Column headers from first dataset are used for all subsequent datasets #128

rbauststfc · 2024-03-22T11:01:44Z

The library gives you the flexibility to put multiple datasets in a single file. Each of these datasets can be set up with different numbers of columns, and the column names can also be different for each dataset. However, the saved file continues to use the column headers provided for the first dataset.

This script can be used to demonstrate:

import numpy as np

from orsopy.fileio.data_source import DataSource, Person, Experiment, Sample, Measurement
from orsopy.fileio import Reduction, Software
from orsopy.fileio.orso import Orso, OrsoDataset, save_orso
from orsopy.fileio.base import Column

###################
# Set up the header data
###################

owner = Person(name=None, affiliation=None)
experiment = Experiment(
    title=None,
    instrument="Test Instrument",
    start_date=None,
    probe="neutron",
)
sample = Sample(name="Sample Name")
measurement = Measurement(instrument_settings=None, data_files=[])
creator = Person(name="Creator Name", affiliation="Affiliation")
software = Software(name="Software Name", version="v1")

data_source = DataSource(owner=owner, experiment=experiment, sample=sample, measurement=measurement)
reduction = Reduction(software=software, creator=creator)

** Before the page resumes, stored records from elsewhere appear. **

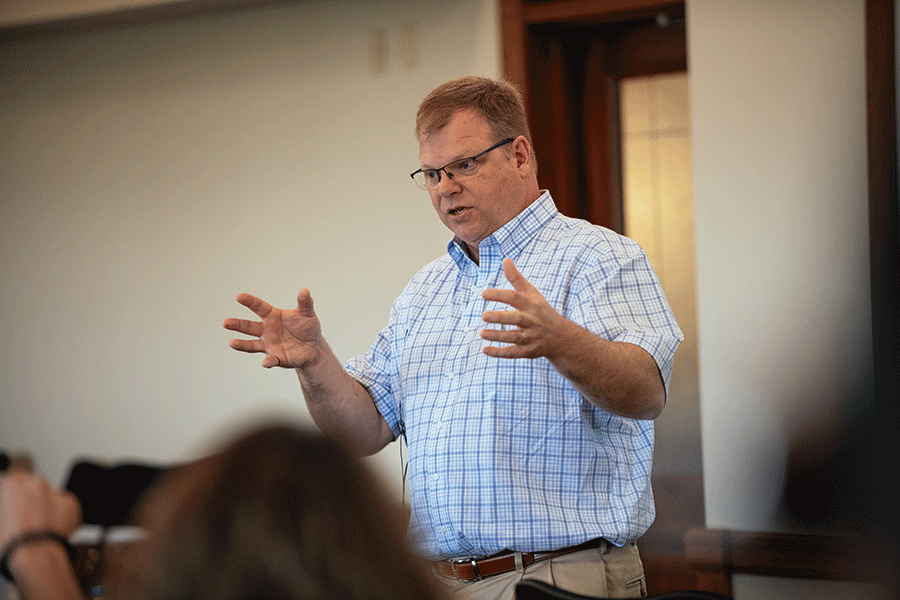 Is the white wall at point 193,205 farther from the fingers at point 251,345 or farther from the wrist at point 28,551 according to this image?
the wrist at point 28,551

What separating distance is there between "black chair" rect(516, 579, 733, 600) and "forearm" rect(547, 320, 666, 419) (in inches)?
12.4

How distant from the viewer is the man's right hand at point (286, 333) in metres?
1.73

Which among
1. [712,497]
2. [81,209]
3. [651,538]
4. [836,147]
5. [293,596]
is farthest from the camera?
[81,209]

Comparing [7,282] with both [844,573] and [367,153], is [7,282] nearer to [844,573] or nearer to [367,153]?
[367,153]

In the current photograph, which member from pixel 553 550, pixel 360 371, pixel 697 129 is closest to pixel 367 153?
pixel 697 129

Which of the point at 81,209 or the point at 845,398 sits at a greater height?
the point at 81,209

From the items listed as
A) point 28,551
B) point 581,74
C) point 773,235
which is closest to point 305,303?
point 28,551

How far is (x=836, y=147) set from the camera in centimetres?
258

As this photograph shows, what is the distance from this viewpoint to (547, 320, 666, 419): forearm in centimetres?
138

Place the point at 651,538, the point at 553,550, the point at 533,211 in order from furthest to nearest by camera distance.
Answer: the point at 651,538, the point at 533,211, the point at 553,550

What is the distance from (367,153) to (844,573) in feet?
7.27

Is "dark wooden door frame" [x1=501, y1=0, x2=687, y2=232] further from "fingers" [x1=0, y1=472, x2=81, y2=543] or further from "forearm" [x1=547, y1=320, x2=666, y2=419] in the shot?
"fingers" [x1=0, y1=472, x2=81, y2=543]

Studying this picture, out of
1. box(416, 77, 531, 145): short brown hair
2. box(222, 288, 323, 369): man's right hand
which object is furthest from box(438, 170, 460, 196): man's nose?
box(222, 288, 323, 369): man's right hand

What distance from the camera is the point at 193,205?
3.68m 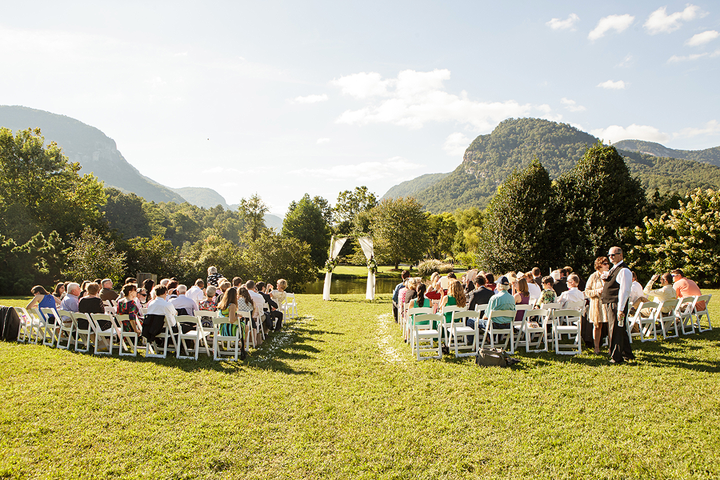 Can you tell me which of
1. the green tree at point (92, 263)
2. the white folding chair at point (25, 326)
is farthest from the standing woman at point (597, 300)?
the green tree at point (92, 263)

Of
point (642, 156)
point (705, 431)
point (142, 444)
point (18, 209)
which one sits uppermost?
point (642, 156)

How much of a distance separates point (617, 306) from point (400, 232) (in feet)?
124

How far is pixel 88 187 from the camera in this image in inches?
1256

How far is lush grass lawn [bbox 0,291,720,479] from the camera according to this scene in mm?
3713

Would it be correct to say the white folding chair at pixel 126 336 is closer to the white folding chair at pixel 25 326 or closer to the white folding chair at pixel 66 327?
the white folding chair at pixel 66 327

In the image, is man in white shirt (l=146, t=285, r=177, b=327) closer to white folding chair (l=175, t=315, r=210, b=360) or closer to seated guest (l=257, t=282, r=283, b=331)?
white folding chair (l=175, t=315, r=210, b=360)

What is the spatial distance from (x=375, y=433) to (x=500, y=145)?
203190 mm

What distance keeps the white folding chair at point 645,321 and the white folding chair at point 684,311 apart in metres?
0.52

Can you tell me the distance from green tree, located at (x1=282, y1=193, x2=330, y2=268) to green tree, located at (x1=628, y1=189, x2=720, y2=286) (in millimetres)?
37861

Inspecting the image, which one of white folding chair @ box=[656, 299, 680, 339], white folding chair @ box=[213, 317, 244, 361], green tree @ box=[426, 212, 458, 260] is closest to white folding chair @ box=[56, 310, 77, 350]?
white folding chair @ box=[213, 317, 244, 361]

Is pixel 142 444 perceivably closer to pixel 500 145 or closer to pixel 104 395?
pixel 104 395

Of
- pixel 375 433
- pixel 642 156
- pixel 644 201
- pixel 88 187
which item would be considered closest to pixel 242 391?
pixel 375 433

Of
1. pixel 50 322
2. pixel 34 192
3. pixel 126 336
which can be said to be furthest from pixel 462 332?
pixel 34 192

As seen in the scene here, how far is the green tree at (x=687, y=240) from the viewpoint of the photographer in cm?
1669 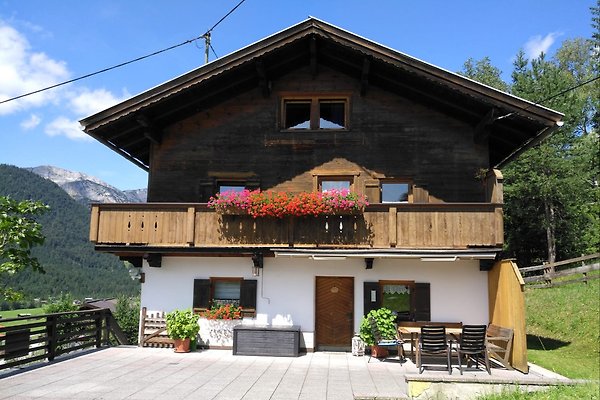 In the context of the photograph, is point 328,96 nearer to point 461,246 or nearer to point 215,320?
point 461,246

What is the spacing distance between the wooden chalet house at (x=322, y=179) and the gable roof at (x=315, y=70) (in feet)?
0.13

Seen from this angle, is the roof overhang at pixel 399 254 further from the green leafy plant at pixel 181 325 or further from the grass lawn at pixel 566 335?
the grass lawn at pixel 566 335

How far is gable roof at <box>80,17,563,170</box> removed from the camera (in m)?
14.4

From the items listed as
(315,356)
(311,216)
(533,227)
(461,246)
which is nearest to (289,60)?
(311,216)

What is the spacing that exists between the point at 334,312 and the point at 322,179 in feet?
12.5

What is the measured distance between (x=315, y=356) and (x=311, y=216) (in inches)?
142

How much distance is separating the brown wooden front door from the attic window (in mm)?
4571

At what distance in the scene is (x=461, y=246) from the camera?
44.5 ft

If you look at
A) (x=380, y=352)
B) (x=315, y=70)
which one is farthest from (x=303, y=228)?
(x=315, y=70)

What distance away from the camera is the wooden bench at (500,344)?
1217cm

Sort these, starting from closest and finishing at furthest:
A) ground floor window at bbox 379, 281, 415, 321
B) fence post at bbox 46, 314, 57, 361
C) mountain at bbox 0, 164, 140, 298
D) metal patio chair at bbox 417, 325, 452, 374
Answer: metal patio chair at bbox 417, 325, 452, 374
fence post at bbox 46, 314, 57, 361
ground floor window at bbox 379, 281, 415, 321
mountain at bbox 0, 164, 140, 298

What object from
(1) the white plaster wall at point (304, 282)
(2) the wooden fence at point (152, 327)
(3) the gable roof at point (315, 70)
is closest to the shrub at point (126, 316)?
(2) the wooden fence at point (152, 327)

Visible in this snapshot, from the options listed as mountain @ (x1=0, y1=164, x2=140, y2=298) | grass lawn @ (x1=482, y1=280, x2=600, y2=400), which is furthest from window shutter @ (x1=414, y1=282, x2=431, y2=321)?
mountain @ (x1=0, y1=164, x2=140, y2=298)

###############################
# Create the first OrsoDataset for the file
###############################

columns_1 = [
    Column(name="Qz", unit="1/angstrom", physical_quantity="normal_wavevector_transfer"),
    Column(name="R", unit=None, physical_quantity="reflectivity"),
]

header_1 = Orso(data_source, reduction, columns_1, "dataset_1")

data_1 = np.array([
    np.full(5, 2),
    np.full(5, 3),
]).T

dataset_1 = OrsoDataset(info=header_1, data=data_1)

###################################################
# Create the second OrsoDataset for the file with one fewer column
###################################################

columns_2 = [
    Column(name="Qz", unit="1/angstrom", physical_quantity="normal_wavevector_transfer"),
]

header_2 = Orso(data_source, reduction, columns_2, "dataset_2")

data_2 = np.array([
    np.full(5, 2),
]).T

dataset_2 = OrsoDataset(info=header_2, data=data_2)

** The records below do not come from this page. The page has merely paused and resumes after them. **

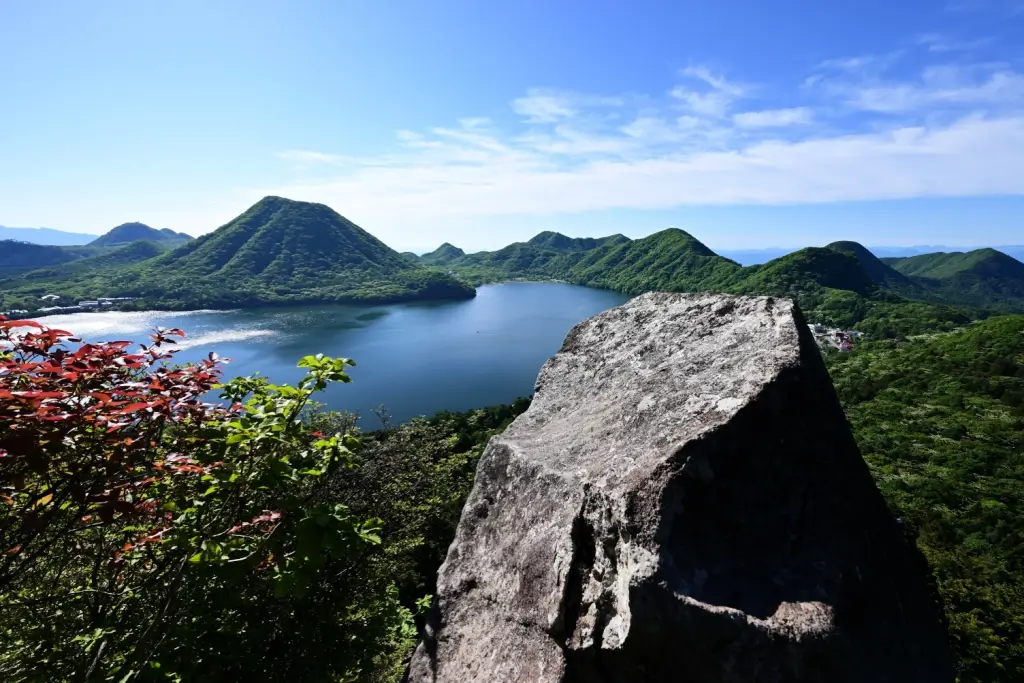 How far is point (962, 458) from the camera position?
135 feet

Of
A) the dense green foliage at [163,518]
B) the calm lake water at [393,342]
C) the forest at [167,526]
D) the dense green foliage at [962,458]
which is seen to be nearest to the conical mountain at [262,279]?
the calm lake water at [393,342]

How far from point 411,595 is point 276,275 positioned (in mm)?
175386

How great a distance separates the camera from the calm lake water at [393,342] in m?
61.2

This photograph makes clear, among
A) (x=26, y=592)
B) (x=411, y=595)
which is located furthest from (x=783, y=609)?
(x=411, y=595)

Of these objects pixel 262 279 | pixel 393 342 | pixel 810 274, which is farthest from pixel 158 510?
pixel 262 279

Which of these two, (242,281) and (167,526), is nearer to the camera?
(167,526)

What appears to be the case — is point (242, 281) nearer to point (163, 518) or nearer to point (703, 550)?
point (163, 518)

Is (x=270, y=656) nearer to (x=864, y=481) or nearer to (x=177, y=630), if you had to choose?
(x=177, y=630)

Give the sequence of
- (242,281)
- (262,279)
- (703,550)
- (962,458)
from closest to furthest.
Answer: (703,550), (962,458), (242,281), (262,279)

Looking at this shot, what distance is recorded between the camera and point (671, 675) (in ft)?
8.89

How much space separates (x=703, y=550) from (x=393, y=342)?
92443 millimetres

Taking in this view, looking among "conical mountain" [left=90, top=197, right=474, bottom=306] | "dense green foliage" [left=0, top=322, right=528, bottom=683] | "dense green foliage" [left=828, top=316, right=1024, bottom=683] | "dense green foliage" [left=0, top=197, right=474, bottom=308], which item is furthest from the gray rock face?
"conical mountain" [left=90, top=197, right=474, bottom=306]

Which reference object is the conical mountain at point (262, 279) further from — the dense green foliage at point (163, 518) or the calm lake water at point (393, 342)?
the dense green foliage at point (163, 518)

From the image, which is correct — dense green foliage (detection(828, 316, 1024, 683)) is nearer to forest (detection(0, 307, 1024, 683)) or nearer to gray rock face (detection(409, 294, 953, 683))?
gray rock face (detection(409, 294, 953, 683)) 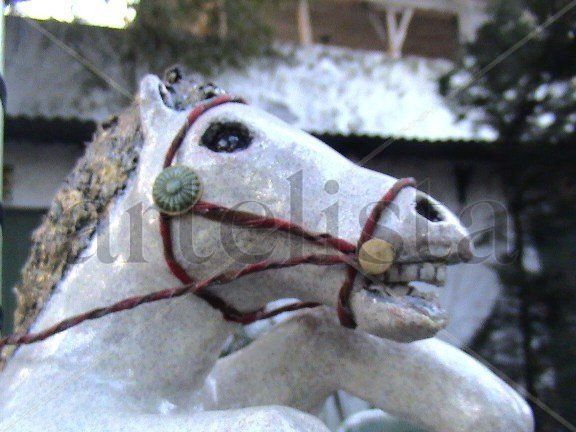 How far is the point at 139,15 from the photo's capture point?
9.57 feet

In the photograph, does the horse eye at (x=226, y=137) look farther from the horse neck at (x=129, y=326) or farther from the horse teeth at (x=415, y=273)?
the horse teeth at (x=415, y=273)

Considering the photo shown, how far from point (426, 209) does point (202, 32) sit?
2638 mm

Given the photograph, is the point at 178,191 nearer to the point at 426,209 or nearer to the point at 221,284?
the point at 221,284

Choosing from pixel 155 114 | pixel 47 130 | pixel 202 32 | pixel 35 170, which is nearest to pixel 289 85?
pixel 202 32

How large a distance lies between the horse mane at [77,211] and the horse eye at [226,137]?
0.12 metres

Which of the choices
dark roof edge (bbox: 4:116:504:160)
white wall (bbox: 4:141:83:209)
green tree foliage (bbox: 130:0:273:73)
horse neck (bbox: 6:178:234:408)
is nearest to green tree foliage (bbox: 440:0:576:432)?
dark roof edge (bbox: 4:116:504:160)

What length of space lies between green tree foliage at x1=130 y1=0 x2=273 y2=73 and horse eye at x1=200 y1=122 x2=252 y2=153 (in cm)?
222

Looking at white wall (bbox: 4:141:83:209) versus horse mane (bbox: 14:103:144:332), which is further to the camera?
white wall (bbox: 4:141:83:209)

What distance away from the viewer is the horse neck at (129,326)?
0.84 metres

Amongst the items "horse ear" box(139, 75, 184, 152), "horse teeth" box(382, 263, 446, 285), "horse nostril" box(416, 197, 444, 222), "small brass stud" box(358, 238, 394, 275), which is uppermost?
"horse ear" box(139, 75, 184, 152)

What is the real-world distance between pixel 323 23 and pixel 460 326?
10.1ft

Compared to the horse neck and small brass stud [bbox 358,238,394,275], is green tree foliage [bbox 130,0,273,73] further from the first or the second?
small brass stud [bbox 358,238,394,275]

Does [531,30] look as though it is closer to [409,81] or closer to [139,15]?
[409,81]

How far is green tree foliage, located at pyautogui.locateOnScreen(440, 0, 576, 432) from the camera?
103 inches
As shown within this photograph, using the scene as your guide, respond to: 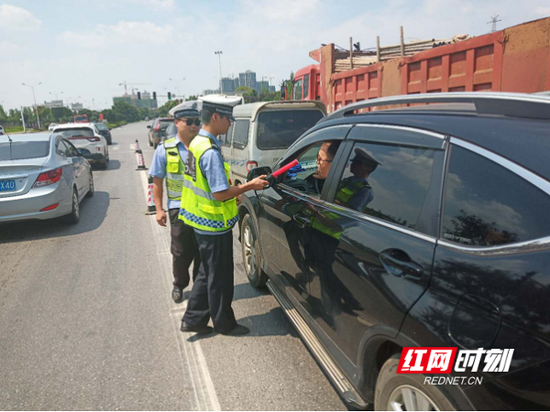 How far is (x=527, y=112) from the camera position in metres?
1.83

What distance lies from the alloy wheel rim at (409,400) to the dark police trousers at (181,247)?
276 centimetres

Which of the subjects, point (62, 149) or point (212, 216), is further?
point (62, 149)

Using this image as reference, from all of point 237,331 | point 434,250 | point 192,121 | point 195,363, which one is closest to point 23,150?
point 192,121

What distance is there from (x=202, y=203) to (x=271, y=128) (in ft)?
14.0

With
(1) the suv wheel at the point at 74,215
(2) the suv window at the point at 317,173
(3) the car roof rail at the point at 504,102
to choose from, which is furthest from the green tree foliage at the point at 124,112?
(3) the car roof rail at the point at 504,102

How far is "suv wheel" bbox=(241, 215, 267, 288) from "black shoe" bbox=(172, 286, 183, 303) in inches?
30.0

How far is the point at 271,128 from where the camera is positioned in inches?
292

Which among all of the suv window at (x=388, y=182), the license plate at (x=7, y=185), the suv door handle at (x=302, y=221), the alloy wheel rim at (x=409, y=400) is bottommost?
the alloy wheel rim at (x=409, y=400)

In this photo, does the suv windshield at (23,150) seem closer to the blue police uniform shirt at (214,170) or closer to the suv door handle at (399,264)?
the blue police uniform shirt at (214,170)

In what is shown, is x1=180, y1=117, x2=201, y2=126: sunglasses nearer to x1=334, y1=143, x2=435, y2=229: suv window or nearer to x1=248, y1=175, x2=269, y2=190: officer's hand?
x1=248, y1=175, x2=269, y2=190: officer's hand

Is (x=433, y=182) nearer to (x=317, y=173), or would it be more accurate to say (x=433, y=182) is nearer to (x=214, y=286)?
(x=317, y=173)

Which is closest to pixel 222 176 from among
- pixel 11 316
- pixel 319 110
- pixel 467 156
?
pixel 467 156

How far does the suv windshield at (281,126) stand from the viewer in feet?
24.2

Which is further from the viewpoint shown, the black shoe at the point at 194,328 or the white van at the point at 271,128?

#############################################################
# Create the third OrsoDataset for the file with one column with a different name
#############################################################

columns_3 = [
    Column(name="Theta", unit="deg", physical_quantity="incident_angle"),
]

header_3 = Orso(data_source, reduction, columns_3, "dataset_3")

data_3 = np.array([
    np.full(5, 2.3),
]).T

dataset_3 = OrsoDataset(info=header_3, data=data_3)

####################
# Save the datasets to file
####################

save_orso(datasets=[dataset_1, dataset_2, dataset_3], fname="REPLACE_WITH_FILE_PATH")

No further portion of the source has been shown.